Torts Learning Questions - Set 9 Flashcards
Regarding vicarious liability, which of the following statements is true?
A
A defendant is not vicariously liable for the torts of an independent contractor unless the defendant was negligent in selecting the contractor
B
Respondeat superior is not a type of vicarious liability
C
Because of the special relationship between them, an employer is always vicariously liable for her employee’s torts
D
A defendant may be both vicariously liable and directly liable in the same action
D
A defendant may be both vicariously liable and directly liable in the same action. Vicarious liability is liability that is derivatively imposed. Because of the special relationship between the parties (e.g., employer-employee), if one person commits a tortious act against a third party, the other person can be liable to the third party for this act. This may be so even though the other person played no part in it, did nothing whatever to aid or encourage it, or indeed had done everything possible to prevent it. In addition to being vicariously liable because of the relationship between the tortfeasor and the defendant, a defendant may be liable for her own negligence in dealing with or supervising the tortfeasor.
Respondeat superior IS a type of vicarious liability based on an employment relationship.
Under the doctrine of respondeat superior, an employer will be vicariously liable for her employee’s torts ONLY IF the torts were committed within the scope of the employment relationship.
The general rule is that a defendant is not vicariously liable for the torts of an independent contractor that she hires. However, there are several broad exceptions to that rule which have nothing to do with negligence in the selection of the contractor (which would make the defendant directly liable rather than vicariously liable).
Under the doctrine of respondeat superior, an employer:
A
May be liable for negligently supervising an employee
B
Is liable for the tortious frolic of an employee
C
Is liable for all tortious acts committed by his employees
D
May be liable for an intentional tortious act committed by an employee
D
Under the doctrine of respondeat superior, an employer is vicariously liable for tortious acts committed by his employees if the tortious acts occur within the scope of the employment relationship. Under this doctrine, an employer may be liable for an intentional tortious act committed by an employee. While the general rule is that intentional tortious conduct by employees is not within the scope of employment, courts will find intentional tortious conduct to be within the ambit of this relationship when (i) force is authorized in the employment; (ii) friction is generated by the employment; or (iii) the employee is furthering the business of the employer.
An employer is not liable for ALL tortious acts committed by his employees ; the acts must be within the scope of the employment relationship.
An employer is NOT liable for the tortious frolics of his employees. An employee on a delivery or business trip for his employer may commit a tort while deviating from the employer’s business to run a personal errand. If the deviation was minor in time and geographic area, the employee will still be considered to be acting within the scope of employment, but a more major deviation is a “frolic” for which the employer would not be liable.

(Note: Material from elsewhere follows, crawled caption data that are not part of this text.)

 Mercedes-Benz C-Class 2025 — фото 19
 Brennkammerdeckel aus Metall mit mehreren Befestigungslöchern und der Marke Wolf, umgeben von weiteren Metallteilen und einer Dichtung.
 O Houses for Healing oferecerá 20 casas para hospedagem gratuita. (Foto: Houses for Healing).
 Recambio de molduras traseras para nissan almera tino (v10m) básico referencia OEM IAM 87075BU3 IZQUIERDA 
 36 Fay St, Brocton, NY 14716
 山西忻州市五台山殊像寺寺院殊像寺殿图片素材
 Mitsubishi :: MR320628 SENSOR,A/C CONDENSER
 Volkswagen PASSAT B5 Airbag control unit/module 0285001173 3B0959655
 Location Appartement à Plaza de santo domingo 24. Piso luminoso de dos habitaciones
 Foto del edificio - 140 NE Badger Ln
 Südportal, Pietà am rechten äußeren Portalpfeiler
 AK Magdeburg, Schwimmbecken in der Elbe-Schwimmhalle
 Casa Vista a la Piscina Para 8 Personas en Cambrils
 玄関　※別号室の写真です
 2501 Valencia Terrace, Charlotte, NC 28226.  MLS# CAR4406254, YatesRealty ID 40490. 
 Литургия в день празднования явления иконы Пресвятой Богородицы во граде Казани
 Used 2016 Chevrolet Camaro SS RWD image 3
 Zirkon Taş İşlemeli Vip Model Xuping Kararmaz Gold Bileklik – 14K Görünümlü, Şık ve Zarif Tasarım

While it is true that an employer may be directly liable for negligent supervision, the employer will NOT be liable for negligently supervising an employee under the respondeat superior doctrine, which only imposes vicarious liability. An employer’s liability for negligent supervision will be direct liability rather than vicarious liability.
A principal will be vicariously liable for the tortious acts of her independent contractor __________.
A
if the principal negligently supervised the independent contractor
B
if the principal negligently selected the independent contractor
C
under the doctrine of respondeat superior
D
if the independent contractor is engaged in inherently dangerous activities
D
A principal will be vicariously liable for the tortious acts of her independent contractor if the independent contractor is engaged in inherently dangerous activities. In general, a principal will not be vicariously liable for tortious acts of an independent contractor. Two broad exceptions exist, however:
(i) The independent contractor is engaged in inherently dangerous activities, e.g., excavating next to a public sidewalk, blasting; or (ii) The duty, because of public policy considerations, is simply nondelegable, e.g., the duty of a business to keep its premises safe for customers.
Respondeat superior is the doctrine that makes employers vicariously liable for the torts of employees; it does not apply to independent contractors.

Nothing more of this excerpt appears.